Turbulent Life and Art of Martin Kippenberger
Jan 24, 2017
This year will mark the 20th anniversary of the death of Martin Kippenberger. A leader in a revolutionary generation of German artists to emerge in the 1970s, Kippenberger died on 7 March 1997 at the age of 44, from liver failure after decades of relentless partying. When he died he was known on several continents for things like taking his pants off in public and insulting people, but his art was barely known outside of avant-garde subcultures. Since his death, curators, collectors, critics and historians have revisited his work. Retrospectives at the Tate Modern, Los Angeles MoCA, and New York MoMA have constructed an image of Kippenberger not as a restless, drunken wild man, but as a masterful painter, a prolific multi-media experimenter, and a globally influential impresario. In some ways the dual life of Martin Kippenberger heralded our current culture of celebrity artists and alternative truths. Looking back at his oeuvre we see abstract elements within it that help us understand the madness that consumed him, and that today has become part of the norm.

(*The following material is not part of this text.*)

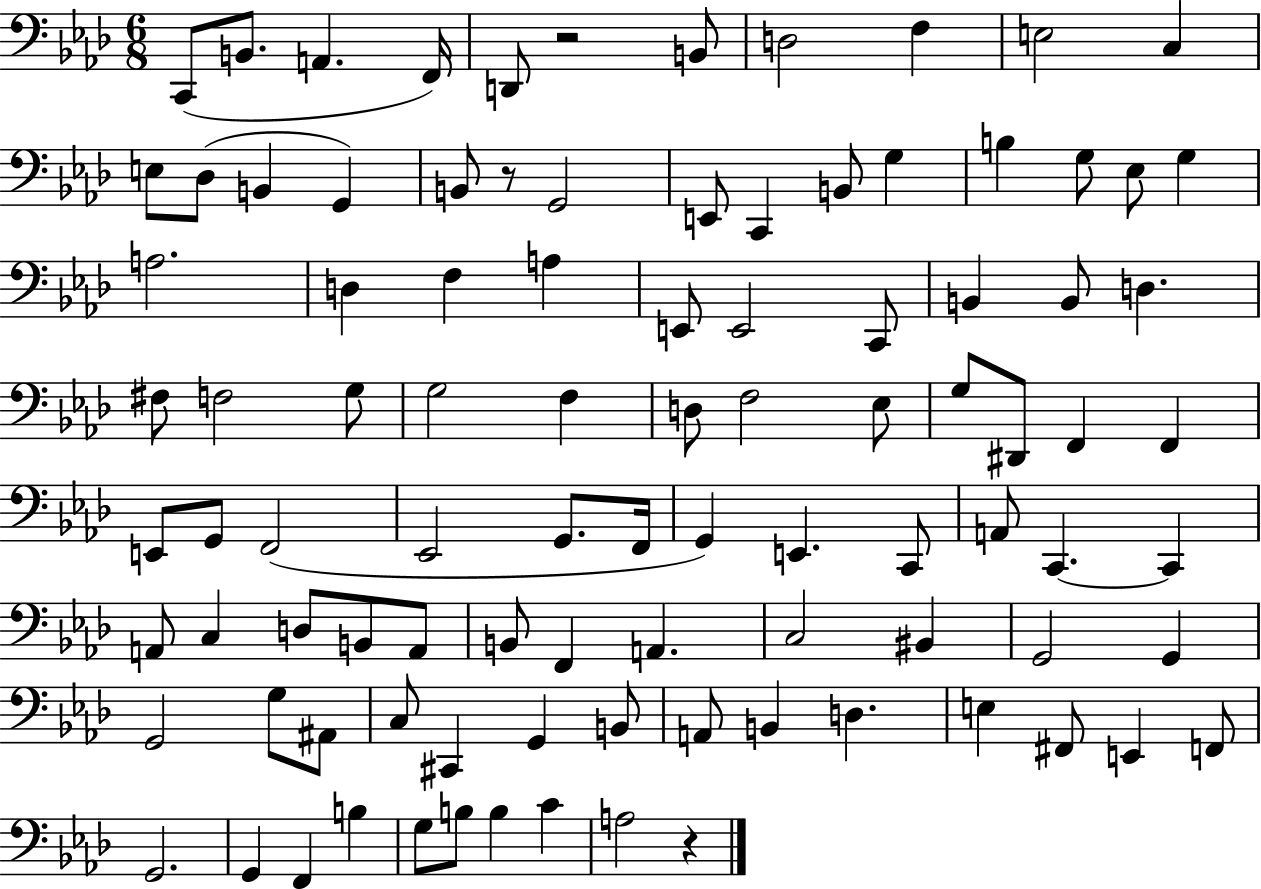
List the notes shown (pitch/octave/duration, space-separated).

C2/e B2/e. A2/q. F2/s D2/e R/h B2/e D3/h F3/q E3/h C3/q E3/e Db3/e B2/q G2/q B2/e R/e G2/h E2/e C2/q B2/e G3/q B3/q G3/e Eb3/e G3/q A3/h. D3/q F3/q A3/q E2/e E2/h C2/e B2/q B2/e D3/q. F#3/e F3/h G3/e G3/h F3/q D3/e F3/h Eb3/e G3/e D#2/e F2/q F2/q E2/e G2/e F2/h Eb2/h G2/e. F2/s G2/q E2/q. C2/e A2/e C2/q. C2/q A2/e C3/q D3/e B2/e A2/e B2/e F2/q A2/q. C3/h BIS2/q G2/h G2/q G2/h G3/e A#2/e C3/e C#2/q G2/q B2/e A2/e B2/q D3/q. E3/q F#2/e E2/q F2/e G2/h. G2/q F2/q B3/q G3/e B3/e B3/q C4/q A3/h R/q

The Young Martin Kippenberger
Born in Dortmund, Germany, in 1953, Martin Kippenberger was part of the generation of artists unwittingly charged with the task of re-imagining German art in the aftermath of World War II. His father was the director of a coal mining company. Kippenberger took his first art classes as a child after his father moved the family to the Black Forest region for work. But Kippenberger infamously boycotted those art classes almost as soon as he started them, to protest his teacher giving him only the second highest grade in the class. That mix of confidence and audacity would stay with him throughout his artistic career.
The double curse Kippenberger suffered as a child was that he was immediately talented at everything he took up, and yet nothing he tried seemed adequate to him as a complete mode of expression. As a teenager, he experimented with dancing and various practical creative trades, like window decorating. But finding no purchase for his efforts he gravitated toward other pastimes, like the use of mind-altering substances. By age 16 he was addicted to drugs and had to enter a recovery program. But then after recovering, he made his way to Hamburg where he fell in with a group of similarly restless, creative young people with whom he began taking classes at the Hamburg Art Academy.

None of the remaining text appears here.